The 5 specific stretches and stabilizing poses shown below may help you with your lower back pain. Aim to complete all 5 poses daily. Once you have established the new habit, you can add to your routine. Check out last week’s blog to work towards eliminating your symptoms.
These 5 exercises are appropriate for anyone suffering with lower back pain:
Warm up your spine with very gentle cat/cow movements. This is intended as a motion exercise, not a stretch. So don’t worry about pushing to the end ranges of your flexibility, especially if you experience any pain. Focus on your breath and find a suitable pain-free range of motion.
Inhale, drop your belly down to the ground and slightly look up to the ceiling. Exhale and round your spine up to the ceiling like an angry cat. Gently push away from the ground. Repeat for 5-6 cycles of breath.
For those with severe chronic lower back pain, it can be painful to sit and stand. But everyone has to eventually sit down to use the bathroom! Practice abdominal bracing and leg strength with Chair Pose.
Perform slow, partial squats. Stand with your feet hip width apart, arms to side with palms up. Inhale and brace your core. Sit the pelvis back and keep the weight in your heels sitting almost to touch the chair behind you but staying pain free. Come up and “spread the floor” using your butt muscles. Think of pulling your hips forward. During the ascent, extend your arms in front. Keep your spine neutral. The spine has no motion.

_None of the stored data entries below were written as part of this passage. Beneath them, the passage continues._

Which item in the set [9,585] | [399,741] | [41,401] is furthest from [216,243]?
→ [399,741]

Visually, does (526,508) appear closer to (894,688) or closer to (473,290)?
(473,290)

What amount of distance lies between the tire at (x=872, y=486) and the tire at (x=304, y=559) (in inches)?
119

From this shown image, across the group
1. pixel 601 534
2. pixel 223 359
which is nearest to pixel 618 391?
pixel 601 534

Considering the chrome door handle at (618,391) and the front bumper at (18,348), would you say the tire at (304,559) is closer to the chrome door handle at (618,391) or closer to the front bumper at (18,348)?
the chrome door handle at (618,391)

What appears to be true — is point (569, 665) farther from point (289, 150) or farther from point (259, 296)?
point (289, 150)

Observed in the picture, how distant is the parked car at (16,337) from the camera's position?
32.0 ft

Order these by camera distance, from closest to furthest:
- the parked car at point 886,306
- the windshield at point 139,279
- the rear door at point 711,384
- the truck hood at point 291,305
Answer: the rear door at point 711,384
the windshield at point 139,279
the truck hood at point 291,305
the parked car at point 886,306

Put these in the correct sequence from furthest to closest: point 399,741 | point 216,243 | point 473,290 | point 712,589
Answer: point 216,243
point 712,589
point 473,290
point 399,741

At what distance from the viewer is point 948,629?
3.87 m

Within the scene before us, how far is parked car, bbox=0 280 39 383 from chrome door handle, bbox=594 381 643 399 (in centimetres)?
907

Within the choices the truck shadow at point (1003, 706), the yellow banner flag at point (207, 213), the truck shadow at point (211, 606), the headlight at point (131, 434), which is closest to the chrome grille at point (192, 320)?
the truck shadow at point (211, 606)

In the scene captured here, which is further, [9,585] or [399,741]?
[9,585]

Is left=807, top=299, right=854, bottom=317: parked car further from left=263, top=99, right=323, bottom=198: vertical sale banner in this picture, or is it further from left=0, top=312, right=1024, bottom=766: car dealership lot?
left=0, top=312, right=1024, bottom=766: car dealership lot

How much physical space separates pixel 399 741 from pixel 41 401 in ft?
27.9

Spare your spine by maintaining an upright torso during your hamstring stretches. NEVER curl forward if you have chronic lower back pain – this can exacerbate your symptoms.

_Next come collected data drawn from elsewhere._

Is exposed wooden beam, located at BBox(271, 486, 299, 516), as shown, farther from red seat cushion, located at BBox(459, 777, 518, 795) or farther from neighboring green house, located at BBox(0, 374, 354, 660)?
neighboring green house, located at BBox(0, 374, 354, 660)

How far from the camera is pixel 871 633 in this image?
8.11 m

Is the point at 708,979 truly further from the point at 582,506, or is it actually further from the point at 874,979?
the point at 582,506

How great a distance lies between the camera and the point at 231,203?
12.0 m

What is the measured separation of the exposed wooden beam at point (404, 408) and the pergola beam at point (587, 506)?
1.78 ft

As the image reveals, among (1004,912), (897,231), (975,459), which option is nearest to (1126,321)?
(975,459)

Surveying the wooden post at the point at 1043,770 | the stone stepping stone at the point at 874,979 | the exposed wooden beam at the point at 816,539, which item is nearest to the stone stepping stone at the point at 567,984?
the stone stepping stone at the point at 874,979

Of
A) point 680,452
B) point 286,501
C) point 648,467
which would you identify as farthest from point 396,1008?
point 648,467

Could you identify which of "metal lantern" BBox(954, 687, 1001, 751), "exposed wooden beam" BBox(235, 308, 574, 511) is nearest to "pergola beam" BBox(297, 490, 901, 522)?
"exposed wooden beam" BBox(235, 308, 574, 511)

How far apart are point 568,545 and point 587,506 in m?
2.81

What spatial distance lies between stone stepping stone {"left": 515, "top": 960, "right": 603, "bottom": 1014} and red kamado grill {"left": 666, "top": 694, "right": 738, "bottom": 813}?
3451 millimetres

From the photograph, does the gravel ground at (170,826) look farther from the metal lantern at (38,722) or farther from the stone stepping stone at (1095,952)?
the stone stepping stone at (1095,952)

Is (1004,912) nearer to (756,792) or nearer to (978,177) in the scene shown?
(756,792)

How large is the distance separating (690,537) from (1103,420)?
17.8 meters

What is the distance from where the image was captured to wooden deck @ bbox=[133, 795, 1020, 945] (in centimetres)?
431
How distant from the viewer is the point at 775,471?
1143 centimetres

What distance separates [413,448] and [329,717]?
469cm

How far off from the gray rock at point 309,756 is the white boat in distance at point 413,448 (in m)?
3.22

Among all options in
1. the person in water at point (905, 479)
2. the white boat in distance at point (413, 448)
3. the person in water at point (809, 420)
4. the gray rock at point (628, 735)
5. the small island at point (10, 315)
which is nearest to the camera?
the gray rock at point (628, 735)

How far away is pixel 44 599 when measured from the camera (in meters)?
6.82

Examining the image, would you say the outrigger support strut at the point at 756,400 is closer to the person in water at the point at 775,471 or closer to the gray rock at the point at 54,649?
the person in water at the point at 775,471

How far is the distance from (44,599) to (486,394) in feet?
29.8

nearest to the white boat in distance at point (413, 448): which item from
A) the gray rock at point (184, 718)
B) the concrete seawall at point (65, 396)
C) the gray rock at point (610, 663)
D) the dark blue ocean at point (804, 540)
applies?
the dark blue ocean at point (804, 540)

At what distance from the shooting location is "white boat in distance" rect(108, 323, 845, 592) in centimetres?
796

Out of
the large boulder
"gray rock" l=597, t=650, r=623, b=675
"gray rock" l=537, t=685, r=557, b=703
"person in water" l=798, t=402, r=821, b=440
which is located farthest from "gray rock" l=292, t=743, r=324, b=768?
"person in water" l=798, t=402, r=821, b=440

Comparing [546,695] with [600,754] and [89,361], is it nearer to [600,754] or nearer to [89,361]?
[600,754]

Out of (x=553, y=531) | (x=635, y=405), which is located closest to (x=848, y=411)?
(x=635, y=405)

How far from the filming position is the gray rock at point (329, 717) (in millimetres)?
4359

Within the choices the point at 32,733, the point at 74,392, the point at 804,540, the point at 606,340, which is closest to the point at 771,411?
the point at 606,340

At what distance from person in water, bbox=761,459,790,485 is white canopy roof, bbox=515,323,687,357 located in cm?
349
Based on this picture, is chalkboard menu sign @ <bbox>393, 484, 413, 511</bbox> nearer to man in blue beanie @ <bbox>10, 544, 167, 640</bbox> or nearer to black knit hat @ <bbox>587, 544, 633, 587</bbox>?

Place your foot on a chair, stand upright and slightly bend the standing knee. If you have the flexibility, you can slightly lean forward from the hips to stretch the hamstring more.
Stretching the Psoas
Most people with chronic lower back pain also have tight psoas muscles. Hip stretching and other range of motion exercises help release the psoas and iliacus, but poor technique can lead to lower back compression. It’s important to maintain an upright torso while performing this psoas stretch.
Come into a lunge, slightly bend the back knee and feel a stretch in the front of your hip. To enhance the stretch, reach your arm up.
Spine stability is the most important aspect of overcoming your lower back pain. The bird dog pose helps strengthen your abdominal muscles and your back extensor muscles.
Start on your hands and knees with hands under shoulders and knees directly under hips.
Step 1– simply lift your hand about an inch off the floor. If no pain then progress to Step 2.
Step 2– Raise your hand and knee at the same time about an inch off the floor. If no pain, then progress to Step 3.
Step 3– Lift your arm and your leg at the same time. Keep a neutral spine and abdominal bracing. Push your heel away and make a fist for more muscular engagement. Hold for 6-8 seconds and repeat several times on each side. Remember, there should be no pain!
Keep your spine straight throughout all exercises. Don’t arch your back!
Be patient and stick with the program. Increased function and reduced pain may not occur for 3 months. Consistency is key!